FAMILY LAW – EX TEMPORE REASONS – Oral Application - Where there are current proceedings in the Supreme Court - Where the applicant makes an oral application for an injunction restraining the respondent from dealing with the proceeds anticipated to be received from those proceedings - Where the parties agree that a sum of $25,000 should be made available for the respondent to meet his various living expenses - Where the respondent’s primary position is that no injunction should be made or alternatively that the sum of $130,000 should be paid to the respondent in order to repay personal loans - Where the proceeds of the Supreme Court litigation are preserved save for $25,000 payable to the respondent
Legislation: Family Law Act 1975 (Cth) s 114
Federal Circuit and Family Court of Australia (Family Law) Rules 2021 (Cth) r 6.06
Division: Division 1 First Instance Number of paragraphs: 36 Date of hearing: 27 October 2023 Place: Sydney Counsel for the Applicant: Ms Giacomo Solicitor for the Applicant: Darwin Family Law Pty Ltd Counsel for the Respondent: Ms Jardine Solicitor for the Respondent: ASD Family Legal ORDERS
DNC 409 of 2021 FEDERAL CIRCUIT AND FAMILY COURT OF AUSTRALIA (DIVISION 1)
BETWEEN: MS BODIN
Applicant
AND: MR ROY
Respondent
ORDER MADE BY:
KARI J
DATE OF ORDER:
27 OCTOBER 2023
THE COURT ORDERS BY CONSENT THAT:
1.That any funds received in respect of any insurance claim for C Street, Suburb D, Region B are directed to be paid into the Darwin Family Law Trust Account established pursuant to order 9(b) herein.
2.That leave be granted for the parties to provide a copy of these orders to F Insurance.
3.That by close of business on Tuesday, 31 October 2023 the Respondent do provide by way of discovery the following:
(a)All documents filed and all orders made in proceedings in the Supreme Court with the Action no. …; and
(b)All documents filed and all orders made in proceedings in the Supreme Court with the Action no. …
(collectively "the Supreme Court litigation").

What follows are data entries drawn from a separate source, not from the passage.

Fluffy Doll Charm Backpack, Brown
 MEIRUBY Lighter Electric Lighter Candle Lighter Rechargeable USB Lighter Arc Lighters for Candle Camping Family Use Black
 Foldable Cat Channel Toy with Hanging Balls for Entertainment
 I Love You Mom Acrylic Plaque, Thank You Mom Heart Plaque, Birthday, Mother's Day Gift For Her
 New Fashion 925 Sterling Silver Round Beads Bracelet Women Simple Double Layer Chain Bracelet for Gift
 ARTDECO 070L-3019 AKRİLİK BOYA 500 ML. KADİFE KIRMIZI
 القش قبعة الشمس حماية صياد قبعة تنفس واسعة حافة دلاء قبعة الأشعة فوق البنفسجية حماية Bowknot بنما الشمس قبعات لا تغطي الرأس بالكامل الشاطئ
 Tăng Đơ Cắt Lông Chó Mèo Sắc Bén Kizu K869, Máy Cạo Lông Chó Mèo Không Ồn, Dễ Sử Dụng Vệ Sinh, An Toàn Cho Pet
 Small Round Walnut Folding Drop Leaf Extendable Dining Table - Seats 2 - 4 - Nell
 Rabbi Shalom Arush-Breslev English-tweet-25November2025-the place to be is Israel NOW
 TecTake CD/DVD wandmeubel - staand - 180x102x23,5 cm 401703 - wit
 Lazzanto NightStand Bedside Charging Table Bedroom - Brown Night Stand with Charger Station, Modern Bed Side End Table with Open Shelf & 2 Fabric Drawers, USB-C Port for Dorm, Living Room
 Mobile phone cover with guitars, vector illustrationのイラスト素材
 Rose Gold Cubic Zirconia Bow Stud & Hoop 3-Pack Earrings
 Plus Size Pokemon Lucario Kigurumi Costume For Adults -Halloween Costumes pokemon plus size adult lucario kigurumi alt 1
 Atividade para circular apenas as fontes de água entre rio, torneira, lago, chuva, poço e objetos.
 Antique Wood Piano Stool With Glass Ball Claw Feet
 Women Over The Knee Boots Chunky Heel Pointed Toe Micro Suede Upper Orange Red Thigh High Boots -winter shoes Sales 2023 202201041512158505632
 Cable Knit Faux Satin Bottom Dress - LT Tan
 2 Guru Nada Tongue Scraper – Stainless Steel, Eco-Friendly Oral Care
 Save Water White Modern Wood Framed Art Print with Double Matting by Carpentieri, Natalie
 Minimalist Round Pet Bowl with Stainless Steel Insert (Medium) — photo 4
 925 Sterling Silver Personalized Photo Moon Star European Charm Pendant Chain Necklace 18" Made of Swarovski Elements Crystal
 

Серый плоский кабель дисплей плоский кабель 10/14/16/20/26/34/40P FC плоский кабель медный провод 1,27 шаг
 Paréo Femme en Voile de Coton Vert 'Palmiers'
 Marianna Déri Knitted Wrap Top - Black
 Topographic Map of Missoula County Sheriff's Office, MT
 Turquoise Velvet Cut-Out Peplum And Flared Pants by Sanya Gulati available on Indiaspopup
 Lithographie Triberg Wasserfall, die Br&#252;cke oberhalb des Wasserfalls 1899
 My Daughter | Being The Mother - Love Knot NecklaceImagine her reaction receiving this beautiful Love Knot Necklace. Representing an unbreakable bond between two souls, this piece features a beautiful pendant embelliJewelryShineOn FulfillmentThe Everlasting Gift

4.That the Applicant be restrained and an injunction is granted restraining the Applicant from making any derogatory remarks or publishing any derogatory about the Respondent and/or his immediate family on the internet or elsewhere or allow anyone else to do so on her behalf.
5.That until further order:
(a)The Applicant shall continue to pay the sum of $450 per week to G Pty Ltd;
(b)The Respondent shall meet the shortfall in the mortgage repayments for the Westpac Investment Property loan account no. ending #...28.
6.That the Respondent and/or in his capacity as Director of H Pty Ltd and/or G Pty Ltd ("the entities") and/or in his capacity as Trustee of the Roy Family Trust ("the Trust") be restrained and an injunction is granted restraining the Respondent and/or in his capacity as Director of the entities and/or Trustee of the Trust, from dealing with any funds received either by order of the Court or by settlement of the Supreme Court litigation Action No.s … and … SAVE AND EXCEPT as to the amount of $25,000.00.
7.That paragraph 14 of the Amended Application in a Proceeding filed on 18 October 2023 be dismissed.
8.That paragraph 29 of the Amended Response filed on 25 October 2023 be dismissed.
9.That in relation to any proceeds received from either any insurance claim provided for in order 1 and/or the fruits of the Supreme Court litigation referred to in order 3 the Respondent either personally or in his capacity as a director of the entities or Trustee of the Trust do immediately upon receipt of any such funds:
(a)Provide written notice to the Applicant of the intended receipt of such funds;
(b)Together with the Applicant, arrange for those funds to be deposited into a high interest bearing account in the joint names of the parties requiring the signature of both parties for the purposes of any transactions upon the said account;
(c)The parties are restrained and an injunction is granted restraining each of the parties from undertaking any transactions on the account established pursuant to order 9(b) without the joint written consent of both parties or order of the court.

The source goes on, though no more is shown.